Friday, May 2, 2014

So You're Ready to Submit Your Manuscript? 11 Things to Remember

I used to submit my manuscript to publishers, and through the years I've learned a few things about what they'd like to see. Bottom line, it's what I'd also like to see now that I am reading manuscripts submitted to me by others.

The writing process can be complicated enough without even looking at how it needs to be presented. But hopefully, these ideas are simple enough not to hang you up even before you've gotten started.

1. Double space the document. It is harder to read a manuscript that is single spaced, no matter how much you like what you read.

2. Center your book title and your name. Start "Name of Book" almost mid-way down the first page. (All succeeding chapter headings should be about mid-way down the page). When you're finished it should look like this:

Name of Book


Your Name

Tab down three spaces before you start the first paragraph.

3. Make sure you have 1" margins. Don't take the text too close to either edge of the paper, and make sure you have 1'' at the bottom.

4. Don't staple anything. Use a paperclip if necessary.

5. Number your pages. Upper right had corner, with your last name or the name of your book directly underneath the page numbers on all pages.

6. Keep the type simple. I usually use Times New Roman. I don't mix the type, trying to make things fancy.

7. Use white paper. No colored, no specially textured. Make it as easy on the eyes for the publisher as possible.

8. Include a cover letter. Make it short and to the point. Don't include pictures, yes, even if your manuscript is a picture book, although it is alright to share your ideas for illustration in the cover letter with the publisher.

9. Make sure you've read all of the guidelines for the publisher. If the publisher wants a synopsis, and you HATE writing them, send it off with the manuscript. If the publisher wants only the first three chapters with a cover letter, send that. If they want the entire manuscript, send that. Don't under-estimate how professional you'll look by just following the directions.

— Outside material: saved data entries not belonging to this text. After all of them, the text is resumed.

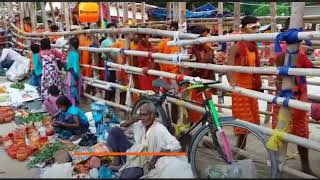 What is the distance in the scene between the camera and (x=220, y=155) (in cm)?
420

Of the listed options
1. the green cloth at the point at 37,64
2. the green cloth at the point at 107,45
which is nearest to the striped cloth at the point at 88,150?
the green cloth at the point at 107,45

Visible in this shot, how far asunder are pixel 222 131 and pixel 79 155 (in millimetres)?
1852

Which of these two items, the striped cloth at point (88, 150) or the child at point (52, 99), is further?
the child at point (52, 99)

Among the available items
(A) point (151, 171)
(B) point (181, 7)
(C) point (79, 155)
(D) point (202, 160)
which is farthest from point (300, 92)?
(C) point (79, 155)

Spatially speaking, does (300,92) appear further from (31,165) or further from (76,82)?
(76,82)

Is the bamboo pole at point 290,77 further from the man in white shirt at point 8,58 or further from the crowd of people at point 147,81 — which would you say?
the man in white shirt at point 8,58

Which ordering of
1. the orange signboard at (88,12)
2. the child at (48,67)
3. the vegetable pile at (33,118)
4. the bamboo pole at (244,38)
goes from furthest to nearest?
the orange signboard at (88,12), the child at (48,67), the vegetable pile at (33,118), the bamboo pole at (244,38)

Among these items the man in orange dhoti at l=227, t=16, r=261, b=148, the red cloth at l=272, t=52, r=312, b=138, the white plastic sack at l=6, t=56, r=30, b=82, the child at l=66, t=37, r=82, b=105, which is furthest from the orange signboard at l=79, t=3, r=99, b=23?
the red cloth at l=272, t=52, r=312, b=138

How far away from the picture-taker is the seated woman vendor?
6375 millimetres

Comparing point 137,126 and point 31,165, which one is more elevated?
point 137,126

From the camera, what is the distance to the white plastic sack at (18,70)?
11445 millimetres

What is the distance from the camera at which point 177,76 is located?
5391 mm

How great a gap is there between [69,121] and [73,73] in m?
1.72

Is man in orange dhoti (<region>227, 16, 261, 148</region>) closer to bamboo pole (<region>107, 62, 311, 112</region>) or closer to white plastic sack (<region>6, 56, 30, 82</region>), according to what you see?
bamboo pole (<region>107, 62, 311, 112</region>) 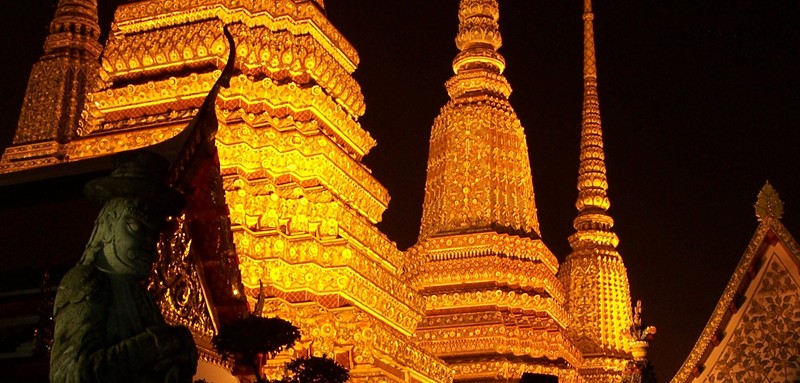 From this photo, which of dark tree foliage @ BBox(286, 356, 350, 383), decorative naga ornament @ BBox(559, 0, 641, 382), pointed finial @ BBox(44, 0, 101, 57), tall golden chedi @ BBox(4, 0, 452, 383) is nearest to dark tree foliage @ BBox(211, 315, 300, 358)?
dark tree foliage @ BBox(286, 356, 350, 383)

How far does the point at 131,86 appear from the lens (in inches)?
419

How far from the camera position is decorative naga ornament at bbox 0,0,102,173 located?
44.1ft

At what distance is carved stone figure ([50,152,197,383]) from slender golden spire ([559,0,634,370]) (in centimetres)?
1692

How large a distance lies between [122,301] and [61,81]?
1074 centimetres

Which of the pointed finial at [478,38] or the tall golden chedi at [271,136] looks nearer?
the tall golden chedi at [271,136]

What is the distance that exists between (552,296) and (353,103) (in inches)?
277

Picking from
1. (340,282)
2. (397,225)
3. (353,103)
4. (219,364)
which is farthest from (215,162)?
(397,225)

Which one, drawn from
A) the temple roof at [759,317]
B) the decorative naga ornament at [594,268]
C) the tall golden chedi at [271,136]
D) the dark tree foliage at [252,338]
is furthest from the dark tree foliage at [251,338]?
the decorative naga ornament at [594,268]

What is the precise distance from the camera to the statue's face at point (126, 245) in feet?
11.8

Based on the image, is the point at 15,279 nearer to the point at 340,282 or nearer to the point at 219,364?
the point at 219,364

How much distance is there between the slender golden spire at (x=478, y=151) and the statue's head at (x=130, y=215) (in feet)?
45.3

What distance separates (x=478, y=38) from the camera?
1866cm

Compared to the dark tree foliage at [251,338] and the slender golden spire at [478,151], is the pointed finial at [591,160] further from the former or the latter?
the dark tree foliage at [251,338]

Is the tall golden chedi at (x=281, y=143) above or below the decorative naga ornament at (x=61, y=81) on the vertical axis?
below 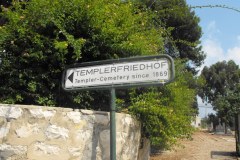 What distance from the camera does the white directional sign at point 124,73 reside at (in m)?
3.36

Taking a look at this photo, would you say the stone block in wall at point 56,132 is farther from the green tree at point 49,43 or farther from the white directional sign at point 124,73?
the green tree at point 49,43

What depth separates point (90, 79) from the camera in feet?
11.9

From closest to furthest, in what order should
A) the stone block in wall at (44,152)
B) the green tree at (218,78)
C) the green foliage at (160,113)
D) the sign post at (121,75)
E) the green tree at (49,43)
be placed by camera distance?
the sign post at (121,75) < the stone block in wall at (44,152) < the green tree at (49,43) < the green foliage at (160,113) < the green tree at (218,78)

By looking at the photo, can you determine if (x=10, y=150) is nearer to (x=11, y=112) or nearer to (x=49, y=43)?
(x=11, y=112)

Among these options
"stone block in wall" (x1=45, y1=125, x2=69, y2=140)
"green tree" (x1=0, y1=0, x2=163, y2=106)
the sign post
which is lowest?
"stone block in wall" (x1=45, y1=125, x2=69, y2=140)

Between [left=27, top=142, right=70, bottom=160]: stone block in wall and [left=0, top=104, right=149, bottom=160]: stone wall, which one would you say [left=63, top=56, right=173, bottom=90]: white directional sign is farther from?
[left=27, top=142, right=70, bottom=160]: stone block in wall

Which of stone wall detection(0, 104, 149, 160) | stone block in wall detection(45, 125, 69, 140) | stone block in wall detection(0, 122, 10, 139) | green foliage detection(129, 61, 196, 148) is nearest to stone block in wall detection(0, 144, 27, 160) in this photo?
stone wall detection(0, 104, 149, 160)

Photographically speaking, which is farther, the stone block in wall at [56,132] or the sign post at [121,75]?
the stone block in wall at [56,132]

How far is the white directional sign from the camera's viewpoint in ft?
11.0

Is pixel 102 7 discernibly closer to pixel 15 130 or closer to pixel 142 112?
pixel 142 112

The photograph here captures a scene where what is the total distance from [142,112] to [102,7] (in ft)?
5.07

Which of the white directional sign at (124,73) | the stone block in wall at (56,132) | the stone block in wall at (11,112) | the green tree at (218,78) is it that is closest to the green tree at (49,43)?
the stone block in wall at (11,112)

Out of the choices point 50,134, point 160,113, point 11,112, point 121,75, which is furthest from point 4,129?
point 160,113

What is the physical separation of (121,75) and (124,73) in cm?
4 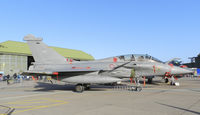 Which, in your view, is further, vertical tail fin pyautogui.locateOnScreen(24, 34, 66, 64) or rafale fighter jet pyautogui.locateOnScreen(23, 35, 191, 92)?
vertical tail fin pyautogui.locateOnScreen(24, 34, 66, 64)

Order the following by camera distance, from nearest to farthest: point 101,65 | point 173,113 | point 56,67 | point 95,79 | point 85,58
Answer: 1. point 173,113
2. point 95,79
3. point 101,65
4. point 56,67
5. point 85,58

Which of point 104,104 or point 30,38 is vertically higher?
point 30,38

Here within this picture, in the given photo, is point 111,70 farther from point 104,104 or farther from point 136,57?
point 104,104

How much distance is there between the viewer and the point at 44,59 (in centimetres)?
1516

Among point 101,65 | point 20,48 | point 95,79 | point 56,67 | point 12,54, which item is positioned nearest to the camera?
point 95,79

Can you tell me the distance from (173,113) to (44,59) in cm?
1198

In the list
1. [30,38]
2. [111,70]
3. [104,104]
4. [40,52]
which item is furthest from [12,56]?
[104,104]

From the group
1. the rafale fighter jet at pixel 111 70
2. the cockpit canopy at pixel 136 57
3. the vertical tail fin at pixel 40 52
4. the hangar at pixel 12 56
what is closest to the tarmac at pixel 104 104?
the rafale fighter jet at pixel 111 70

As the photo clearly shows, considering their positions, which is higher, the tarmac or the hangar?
the hangar

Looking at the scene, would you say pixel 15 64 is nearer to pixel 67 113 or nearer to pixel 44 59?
pixel 44 59

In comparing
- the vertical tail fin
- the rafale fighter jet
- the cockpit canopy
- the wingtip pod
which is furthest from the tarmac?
the wingtip pod

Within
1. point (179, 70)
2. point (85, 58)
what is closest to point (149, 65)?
point (179, 70)

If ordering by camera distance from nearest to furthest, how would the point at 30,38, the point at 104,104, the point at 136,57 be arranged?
the point at 104,104 < the point at 136,57 < the point at 30,38

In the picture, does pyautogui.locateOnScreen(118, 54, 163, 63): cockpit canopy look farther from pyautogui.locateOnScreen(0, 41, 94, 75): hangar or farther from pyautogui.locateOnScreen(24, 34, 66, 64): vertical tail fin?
pyautogui.locateOnScreen(0, 41, 94, 75): hangar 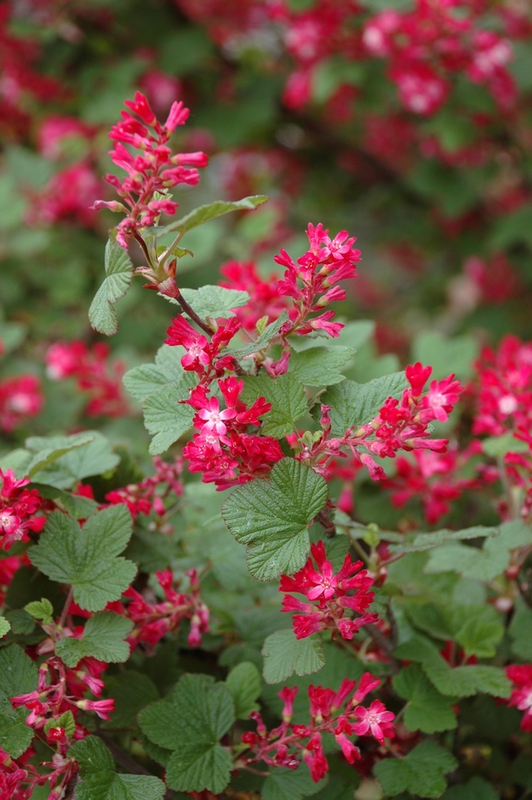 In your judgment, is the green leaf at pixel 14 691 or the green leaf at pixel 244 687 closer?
the green leaf at pixel 14 691

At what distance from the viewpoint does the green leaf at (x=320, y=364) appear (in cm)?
59

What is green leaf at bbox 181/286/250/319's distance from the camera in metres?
0.59

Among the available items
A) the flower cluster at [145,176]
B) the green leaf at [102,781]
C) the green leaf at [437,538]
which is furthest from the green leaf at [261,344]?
the green leaf at [102,781]

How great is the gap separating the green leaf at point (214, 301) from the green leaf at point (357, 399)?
11 centimetres

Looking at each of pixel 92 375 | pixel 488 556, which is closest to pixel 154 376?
pixel 488 556

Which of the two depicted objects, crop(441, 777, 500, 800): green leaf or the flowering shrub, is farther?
crop(441, 777, 500, 800): green leaf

10. Send the publisher sufficient postage if you want the manuscript returned. Many authors send a stamped post card that publishers can send back instead of the manuscript. On the postcard are boxes to check, such as: "I'm interested in this manuscript send____________________," "We're not interested, but thank you," etc. Consider the postage and time you'll save by submitting your manuscript online. Some publishers will not take your manuscript via online so make sure that you've read the guidelines before you send something.

11. Above all, check, check, check for typos and grammar issues. Have someone read what you'll be submitting. Often, all it takes to remove honest errors is another set of eyes.